Alex Fultz, 14, fills a tub with water for the pigs and goats his parents raise at Just Natural Farm in Colbert. 
 (Photos by Holly Pickett / The Spokesman-Review)

Angie Fultz knew what she was doing wasn’t working.

Pulling 80-hour weeks for Microsoft left her exhausted, with little time or energy for her two young children, her husband or her friends.

She knew that wasn’t working – what she didn’t know was how to make a change.

So, after six years with Microsoft as a senior international product manager, a job that called for crazy hours, multiple trips to Asia and lots of responsibility, Fultz quit.

For a career-driven person, someone addicted to research and organization, the terror that came with that decision was paralyzing.

“I didn’t have a plan,” she says. “I sat on the couch the first few months.”

But six months after Fultz, 38, made the decision to leave Microsoft in 2005, she and her husband and kids were making a new life in Colbert, owners of a house and 10 acres of land. The family had camped in the area shortly after Fultz left her job and liked the sunny weather and slow-paced life.

But what about all of that acreage?

“It didn’t feel socially responsible to me to occupy this space and not do something with it,” says Fultz, her children beside her, at the dining room table.
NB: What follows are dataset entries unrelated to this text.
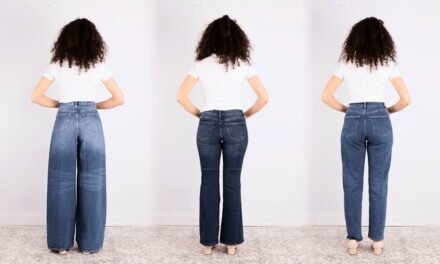 Proof it's not your body, it's your jeans.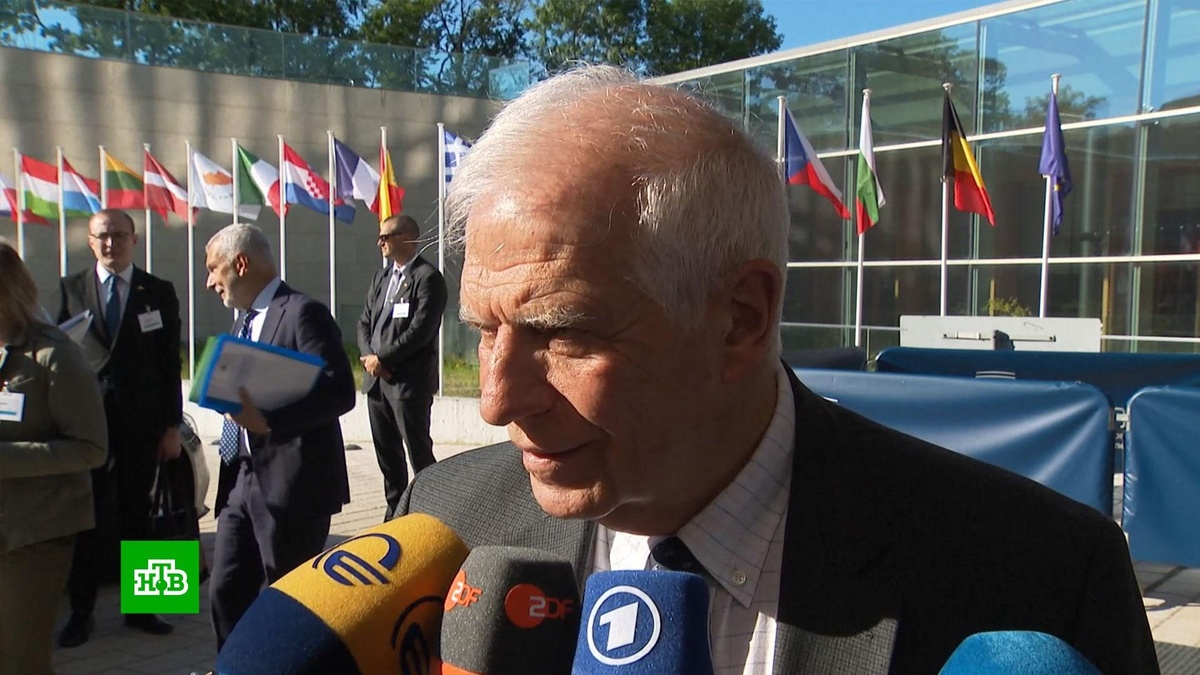    Европа направит Киеву прибыль от активов РФ в начале июля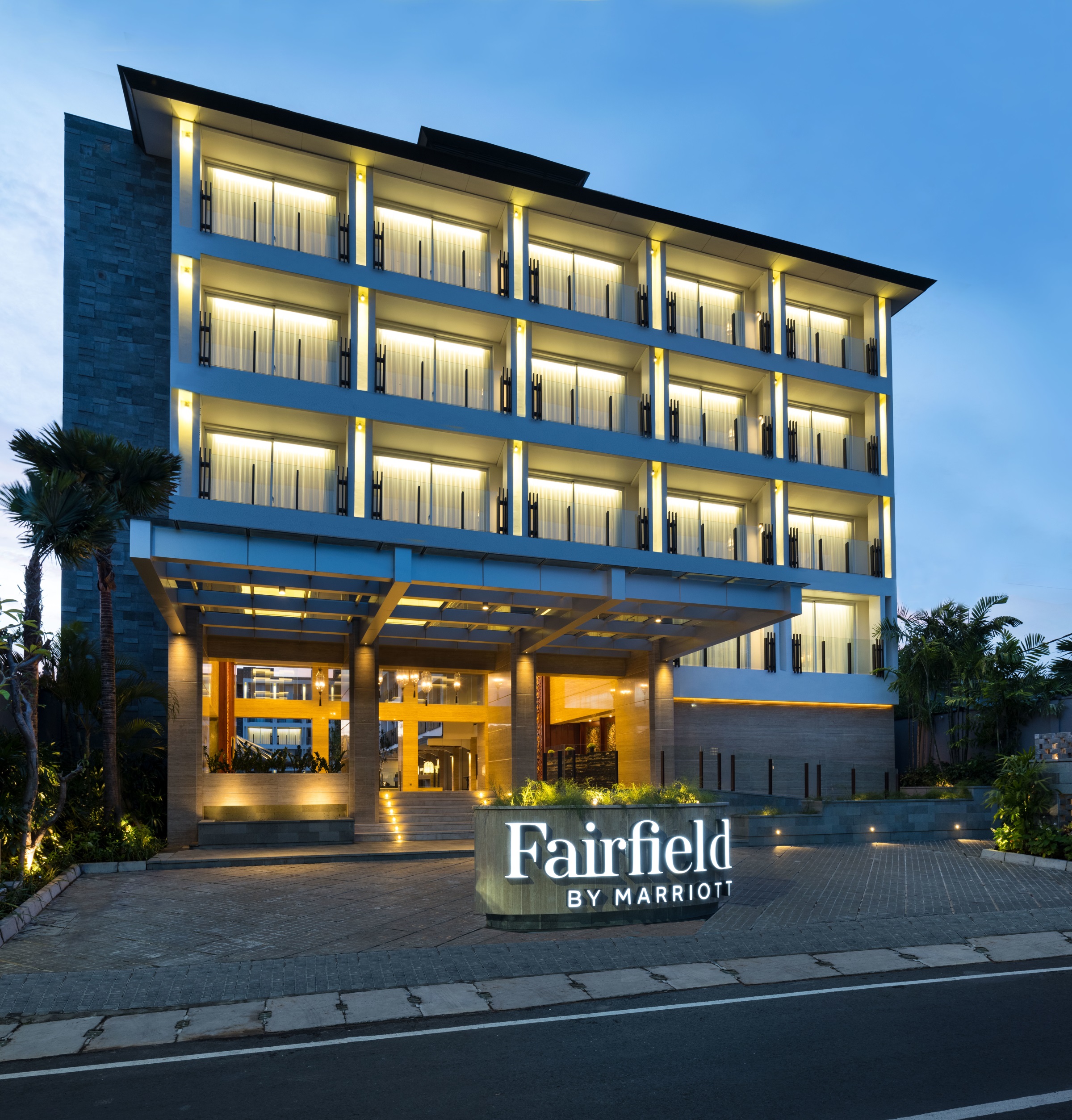 Photo Credit: Fairfield by Marriott Bali Legian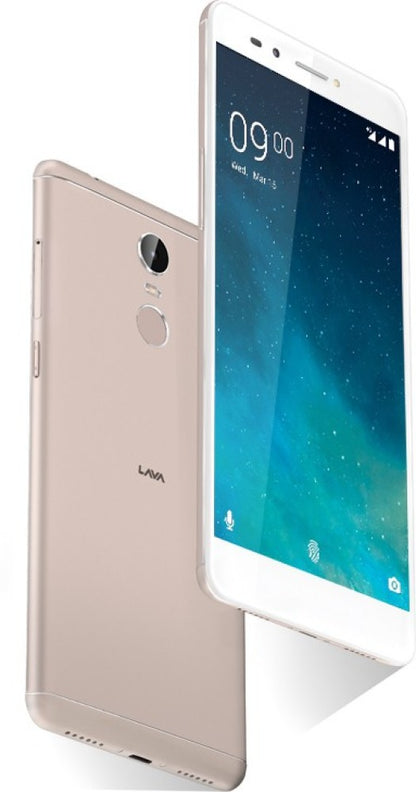 LAVA Z25 (Gold, 32 GB) - 4 GB RAM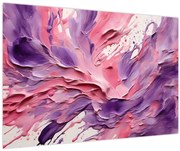 Obraz - Romantická abstrakcia (90x60 cm)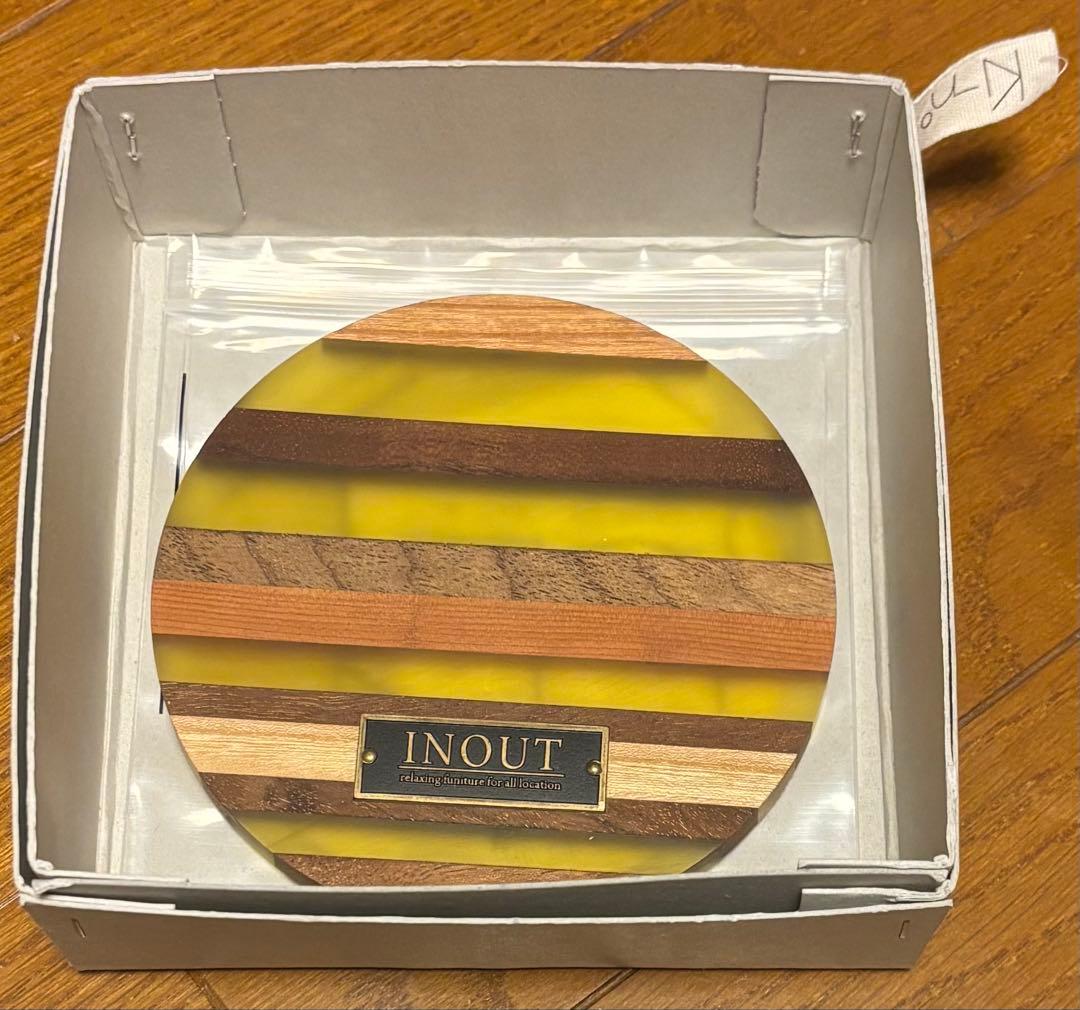 ki-no×INOUTコラボリッド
Over her head, large wooden letters perched atop a cabinet spell “SERENITY.”

So she and her husband, Kirk, a bank manager, started Just Natural Farm, a small, sustainable operation that grows some 87 different varieties of produce and raises pigs, chickens and goats.
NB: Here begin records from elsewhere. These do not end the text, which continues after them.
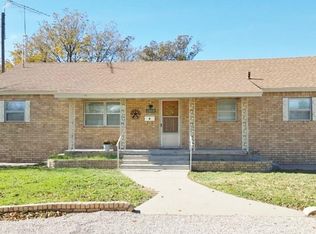 1605 N Ave E, Haskell, TX 79521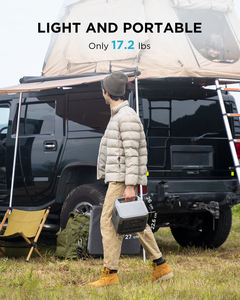 ECOFLOW RIVER 2 <span class=keywords><strong>Pro</strong></span> Station d'alimentation portable Charge rapide, générateur solaire pour l'alimentation de secours à domicile - Product Image 6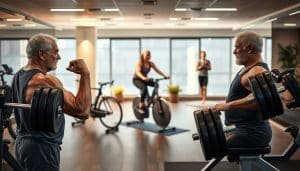 Best Recovery Methods for Older Athletes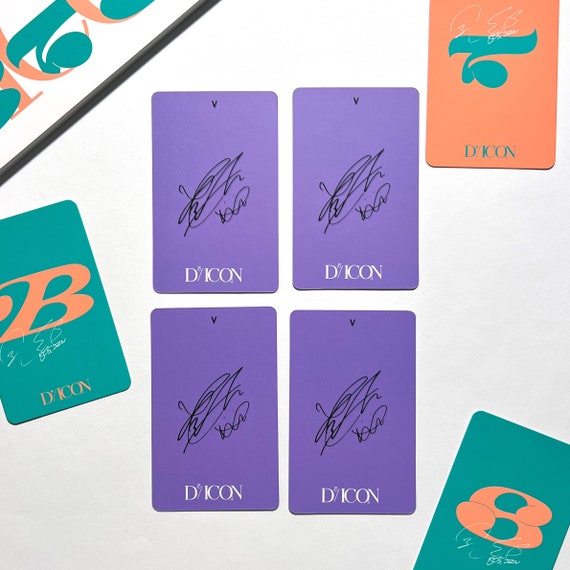 タレントカード DICON V DFESTA 2022 s-l400.jpg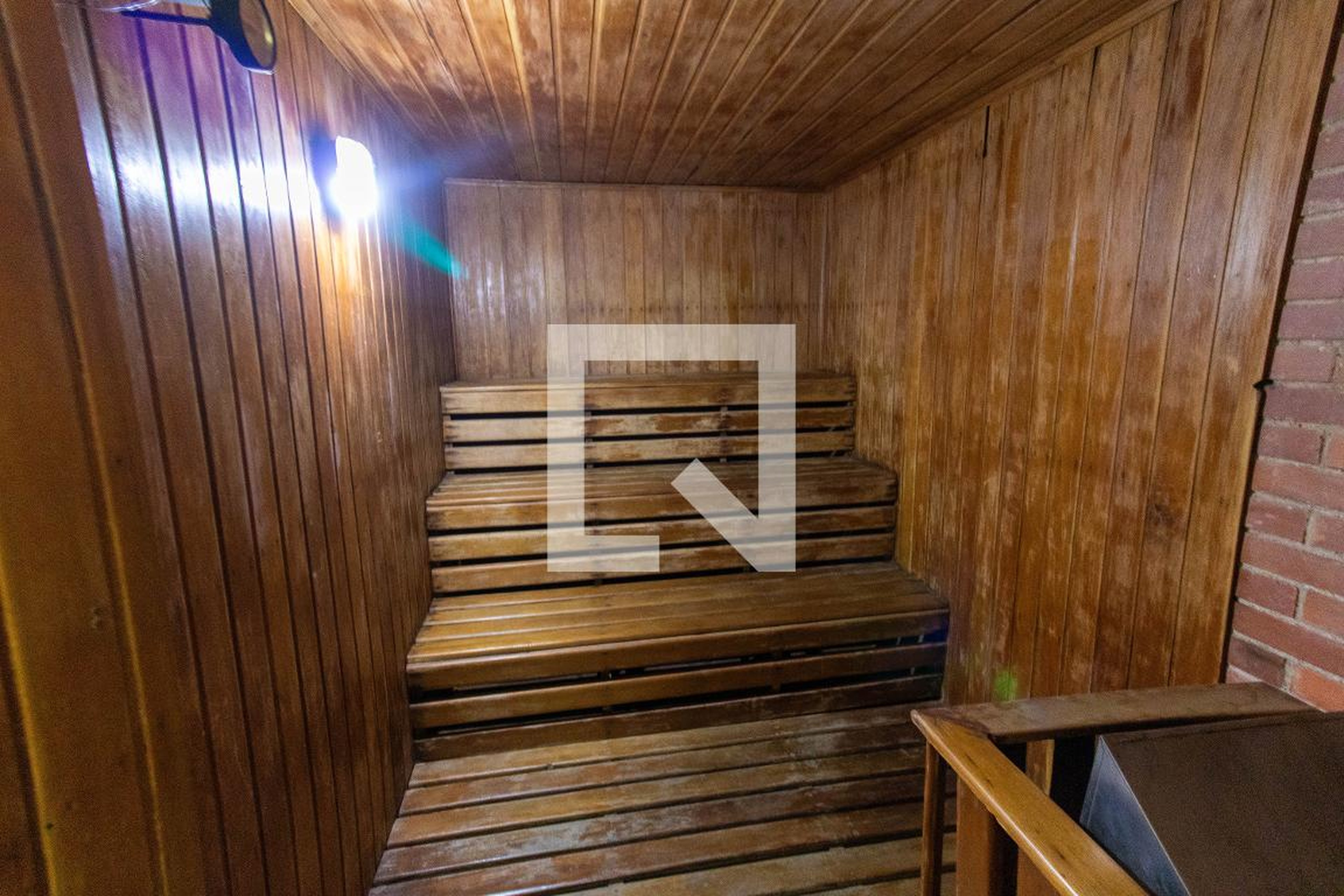 Área comum - Jardim Icaraí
Angie Fultz knew next to nothing about farming, but she applied the same hard work and research know-how that she relied on at Microsoft to the task of growing herbs and plants, fruits and vegetables, pigs and goats.
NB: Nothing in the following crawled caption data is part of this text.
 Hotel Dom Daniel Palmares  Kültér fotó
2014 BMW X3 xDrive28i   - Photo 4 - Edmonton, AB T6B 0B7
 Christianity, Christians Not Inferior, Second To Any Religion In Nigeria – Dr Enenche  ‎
“The whole thing just fit,” she says. “I’ve always looked at this as sort of a grand experiment. We don’t know what we’re doing.”

And yet, despite the uncertainty, the trade-off in lifestyles has made all the difference.

Her children, 6-year-old Scott and 14-year-old Alex, ride their bikes everywhere and run around the farm nonstop. They help feed the animals and pick produce. And she gets to spend nearly unlimited amounts of quality time with them.

“I can work four hours in the garden or zero hours in the garden,” she says. “I have no commute. I don’t burn gas to get there.”

Plans for the farm started with Fultz’s sketches on poster board. She figured out where she wanted the garden and the pens for the animals. The pieces began to fit.

She took a class on sustainable agriculture through the County Extension Office. And she created a detailed spreadsheet listing growing schedules and to-do lists for each kind of produce grown on the farm.

For a brief time, she sold produce and plants at a farmers’ market. But getting the goods to market took up too much time, so now she just sells directly from her farm.

“I don’t want to end up back in the same situation I came out of,” she says.

Working outside takes much of Fultz’s time, but one of the biggest jobs has been finding ways to use and preserve all that fresh produce. Her downstairs pantry is stocked from floor to ceiling with homemade jams, salsas, pickles and other canned goods. Freezers in the garage are stocked with meat.

The farm isn’t making a profit yet, though Fultz doesn’t expect it to be a huge money-maker.

“I’m a business person. I want it to pay for itself,” she says. “You don’t go into farming to make money. You do it because you have a passion for the lifestyle. I was just late figuring that out.”

Fultz hasn’t completely parted ways with Microsoft; she still does a bit of consulting for them.

During one recent work call, the person on the other end of the line paused and asked, “Are those pigs in the background?” Fultz recalls.

Yes, she says with a grin. Yes, they are.